Our tour starts in Pretoria or Johannesburg from where we will travel to Sabie in Mpumalanga. Here we will stay for two nights. From here we will visit various lovely waterfalls and also visit little towns like Pelgrims Rest. On 22nd September 1873 Pilgrim's Rest was officially proclaimed a gold field. The diggers called it Pilgrim's Rest because here, at last, after so many false trails and faded dreams they had truly found their home.

 

From Sabie we will travel to the Kruger national Park where we spend the next three nights. The first explorer to set foot in the region was the Dutchman François de Cuiper who led a Dutch East India Company expedition to explore. However, the expedition was attacked and driven by local tribes-people near Gomondwane. Later hunters from all over the world came to hunt in the area. This caused the number of game to dramatically decrease due to hunting and trading of animal skins and horns.

 

President Paul Kruger was told about the rapid destruction of wildlife in the area by hunters, after which he succeeded to persuade the Transvaal parliament to establish a protected area for the wildlife in the Lowveld region. The Park was opened to the public in 1927 for visitors to view animals and plant life in a area where they are protected.
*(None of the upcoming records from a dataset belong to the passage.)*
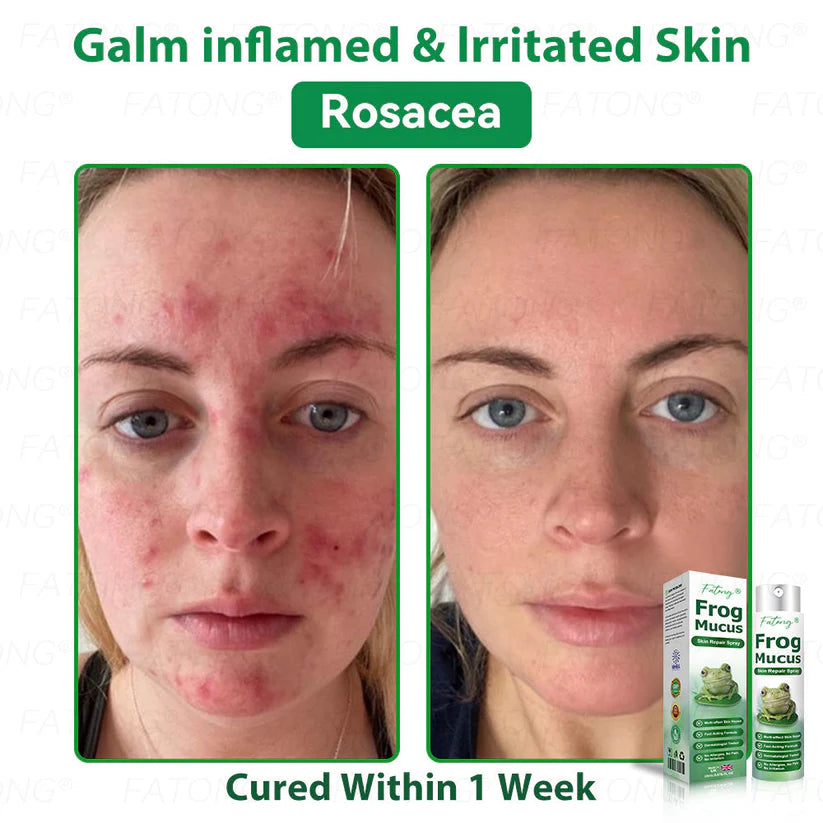 ๐ธ Qooesยฎ Frog Mucus Skin Repair Spray โ Repair, Soothe & Restore Your Skin Instantly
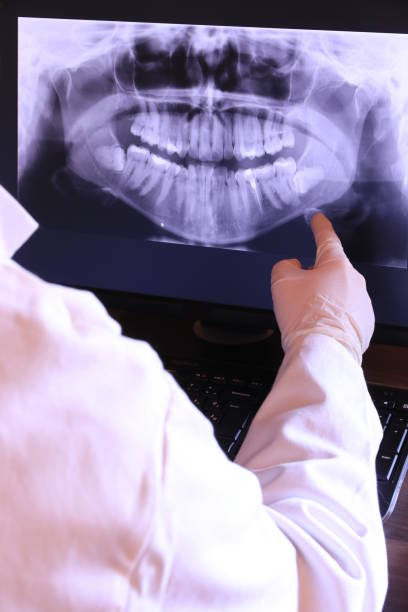 Best Emergency Denture Repair in Belmont, WI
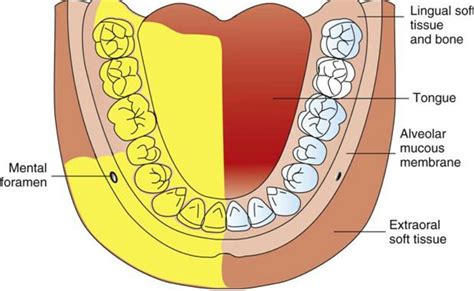 Long Buccal Nerve Block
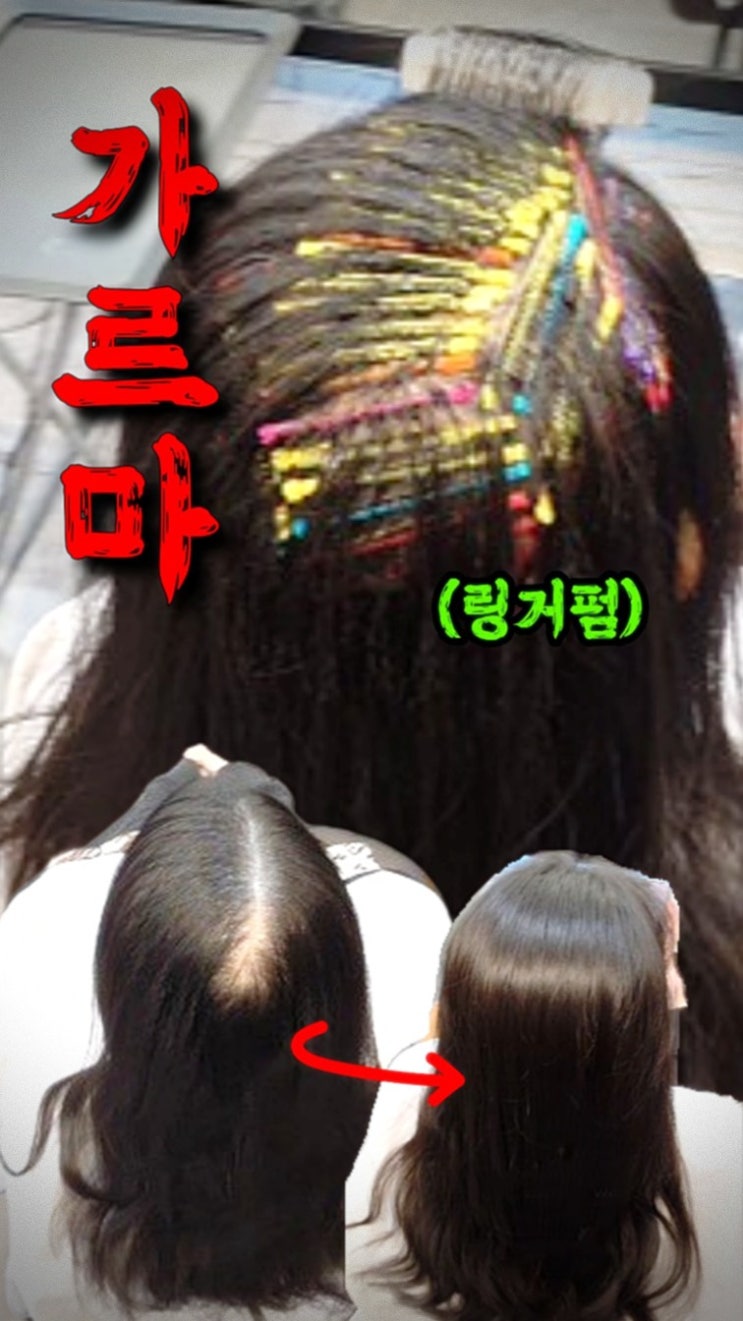 천안 불당동 가르마탈모 고민? 수원 율전동 모류교정 링거펌으로 긴머리 정수리 볼륨 되살린 후기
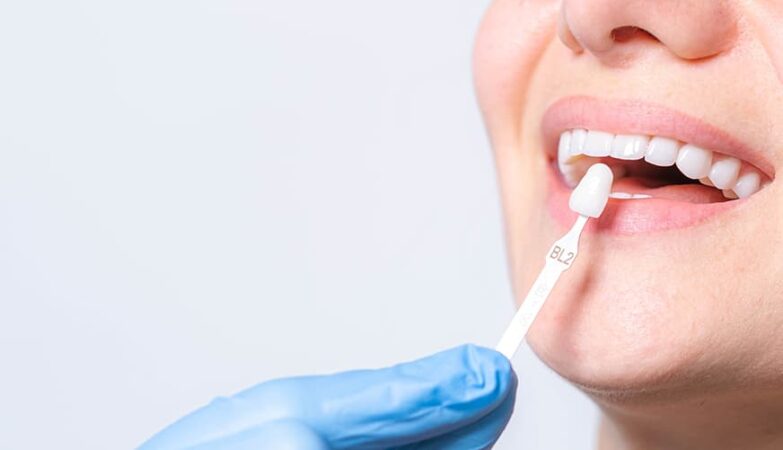 tooth filling cost singapore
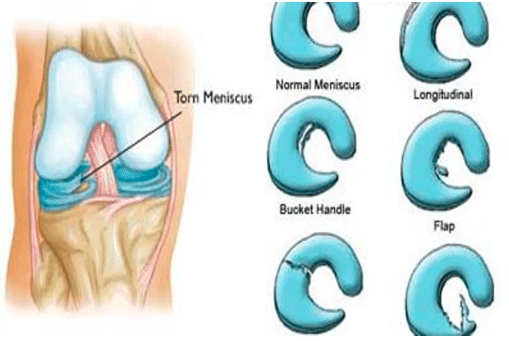 Meniscus tear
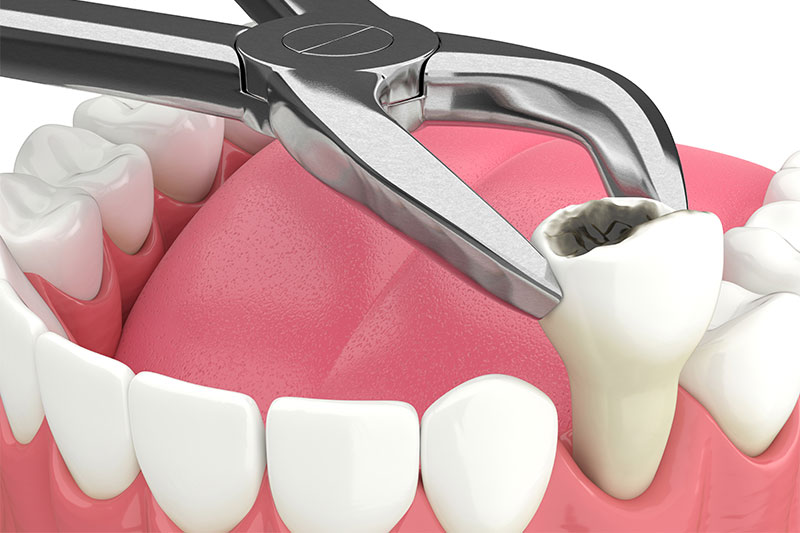Tooth Extraction in Newton Falls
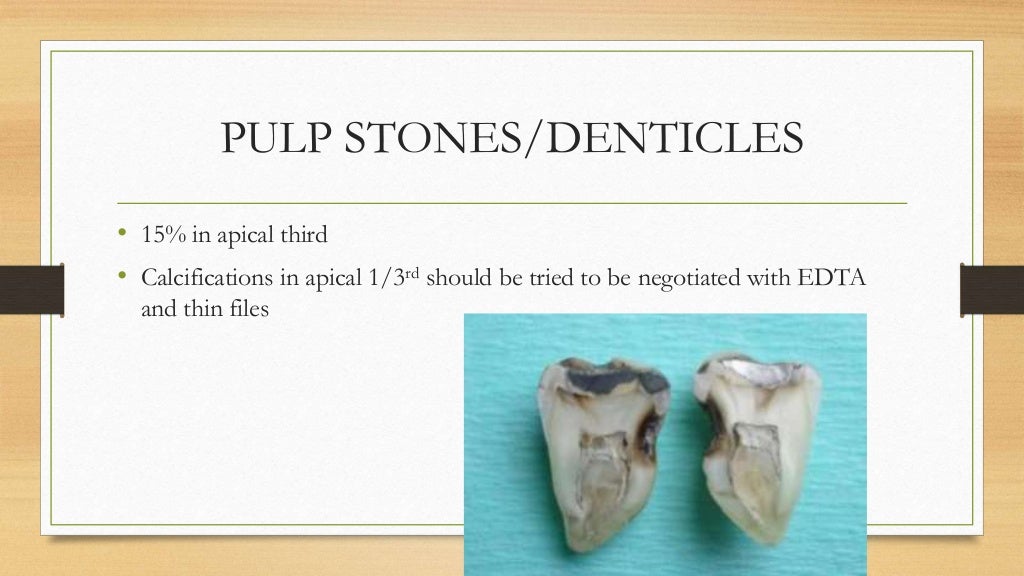 apex endodontics apex endodontics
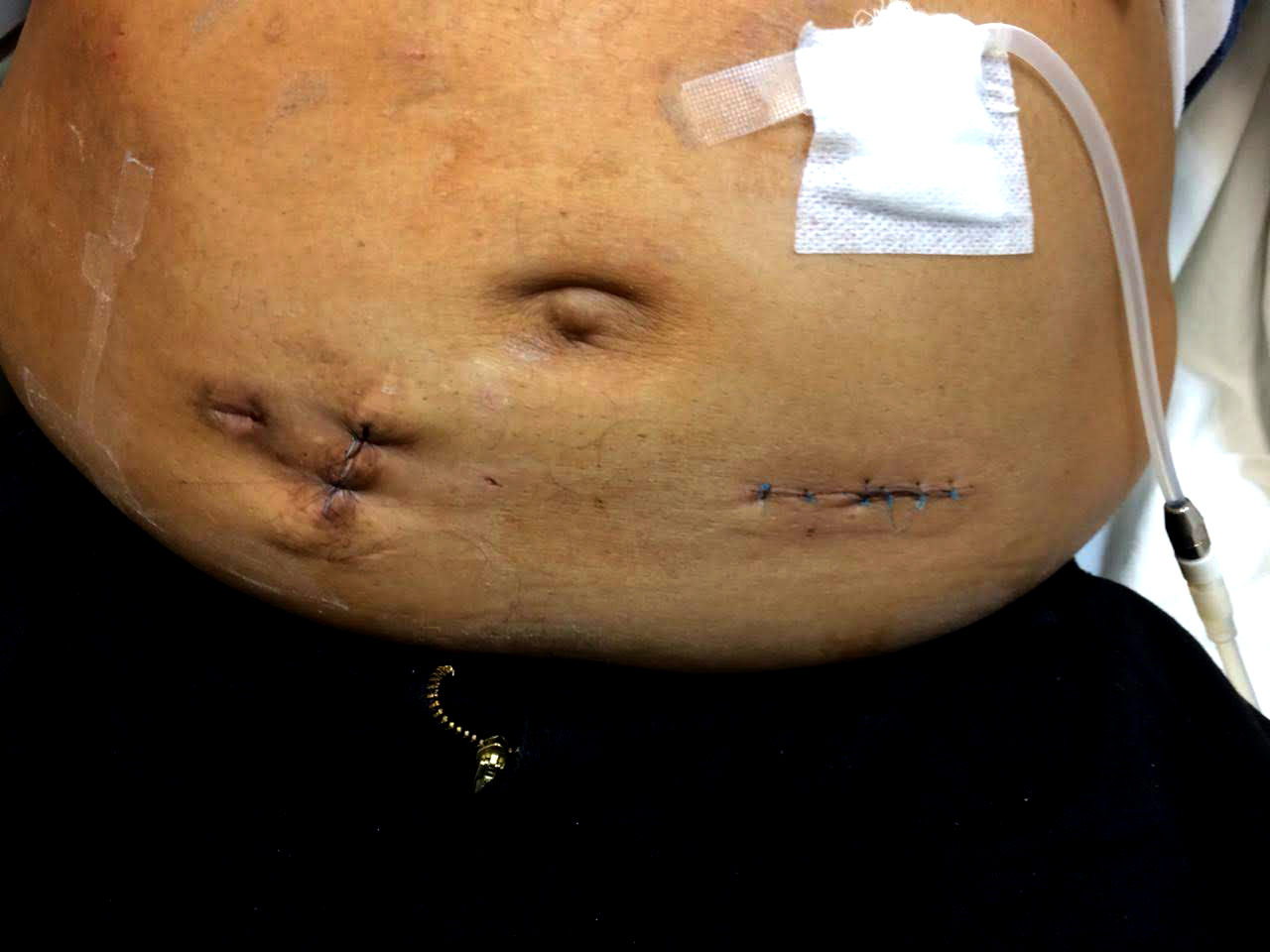 Sistema de diálisis peritoneal sobre paciente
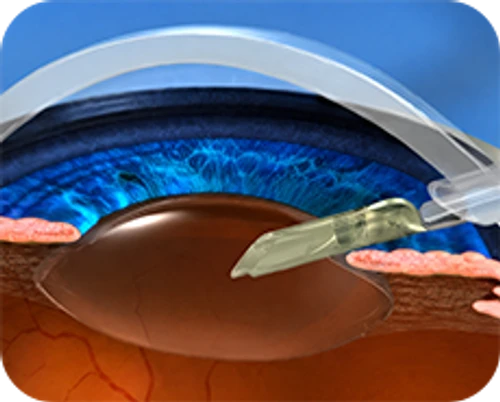 Femtosecond laser-assisted cataract surgery — step-by-step diagram — Step 5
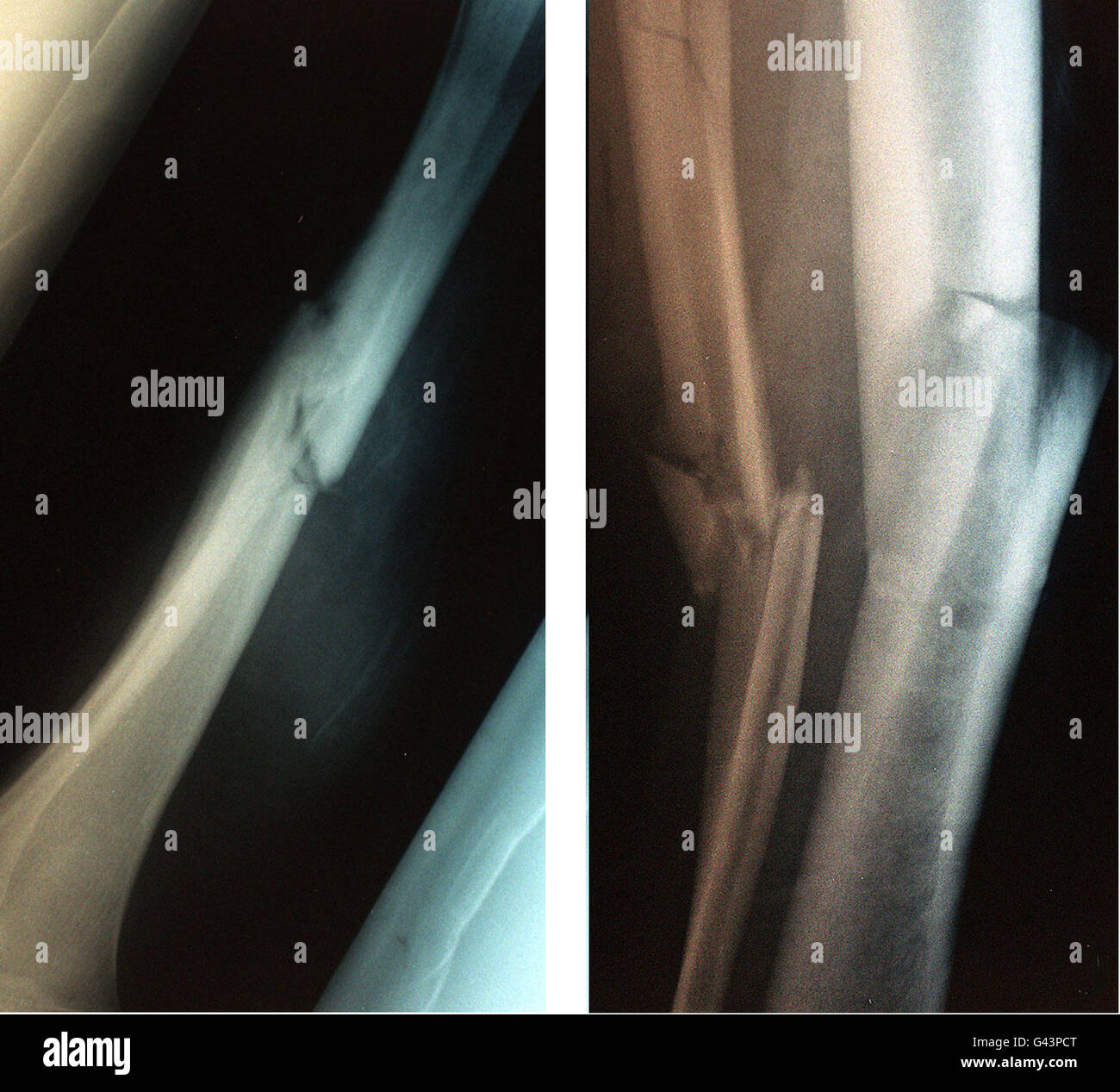 Des images radiographiques prises de deux angles différents de la rupture dans la jambe droite du joueur de Coventry City Dave Busst après la blessure qu'il a subi pendant le match contre Manchester United. Banque D'Images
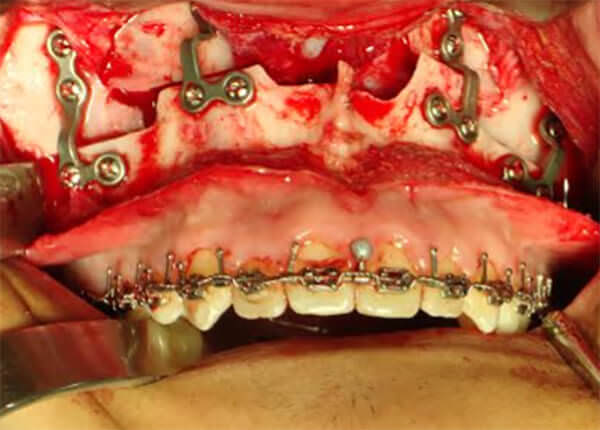 Figura 18 Intraoral de frente, fijación rígida.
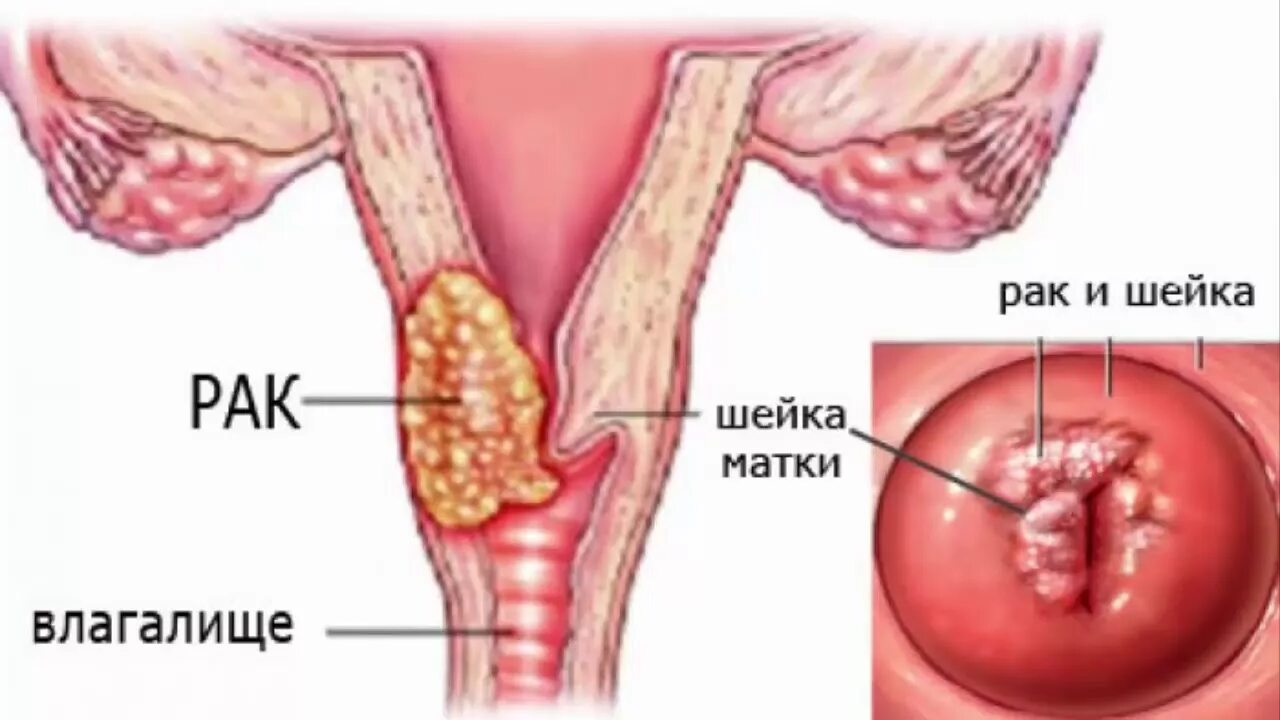 Рак матки 3 стадии: тактика лечения и главные точки опоры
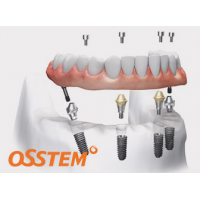 Имплантационная система Osstem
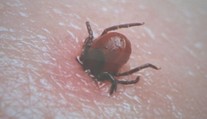 Viete si správne vybrať kliešťa? Na olej a točenie v protismere hodinových ručičiek zabudnite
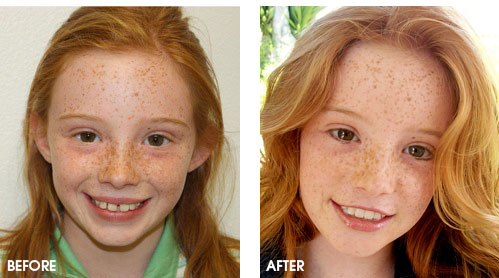 Orthodontics Before and After Photos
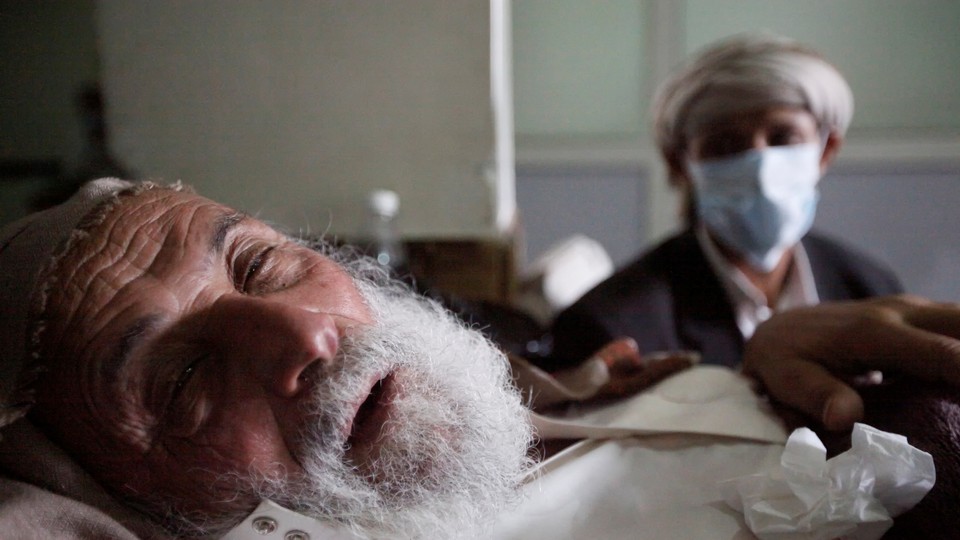 An old man infected with cholera lies on the bed at a hospital in Sanaa, Yemen on May 12, 2017. 
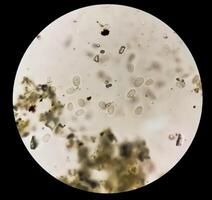 schistosoma parassita ovuli nel umano urina campione sotto microscopio. urinario parassita foto
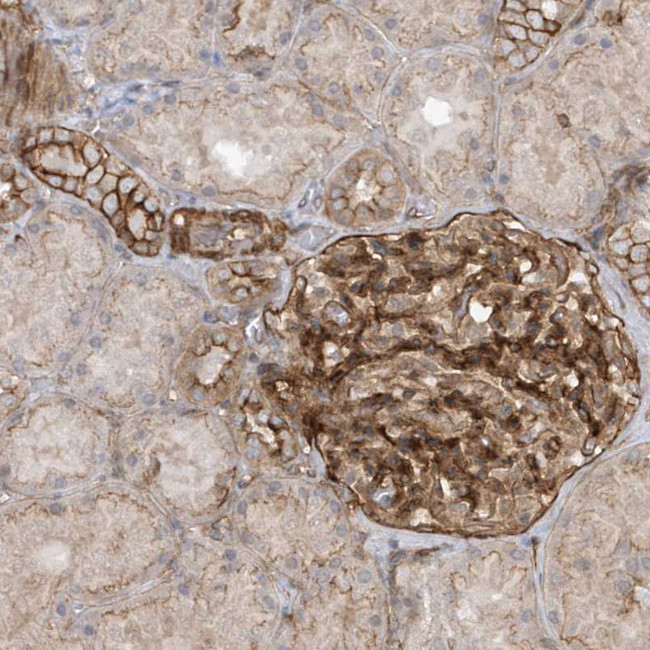 RAI14 Antibody in Immunohistochemistry (Paraffin) (IHC (P))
The park also hosts the big five. For a close encounter with the night life and also one of the big five if you are lucky, a night drive will be undertaken.

 

After we left the Park we will travel 70km to the miners town of Barberton where we will stay for the night. Barberton is often called the jewel of Lowveld. This town is older than the city of Johannesburg and was founded in 1884 by Graham Barber. A flood of diggers arrived on the scène. On June 1884 David Wilson, mining commissioner of the De Kaap Valley, broke a bottle of gin over a lump of rock to christen the town, thus launching it on a lively career. During 1886 Barberton was at the height of its boom. You will have the afternoon to explore the town on your own and visit all the curios shops and learn more of the building style and history of the town.

 

From Barberton we will travel back to Gauteng were we will take you to your Hotel but not before we stoppend at Waterval Boven and Waterval Onder. The area around the Elands River Falls was given the names "Waterval Boven" and "Waterval Onder" which means "above the falls" and "below the falls" respectively. The history of the area is closely tied with that of the railway that was built between Pretoria and Delagoa Bay, and the Nederlandsche Zuid Afrikaansche Spoorweg, the Dutch rail company, who established a railway supply depot here in 1895.

 

The towns of Waterval Boven and Waterval Onder are rich with South African (Anglo-Boer) War history and the area was fiercely contested by the British towards the end of the war. Visitors can see a memorial at the station which commemorates the many men who lost their lives while building this section of the railway, while it is still possible to take a walk through the historic ZASM tunnel through which the trains used to pass. At the end of the tunnel is a beautiful waterfall that moves along the Elands River. President Paul Kruger lived in Waterval Onder for a month before going into exile in Austria in 1900.

This will be a holiday to remember for the rest of your life. We will travel in a luxury bus and you will be spoiled all the way.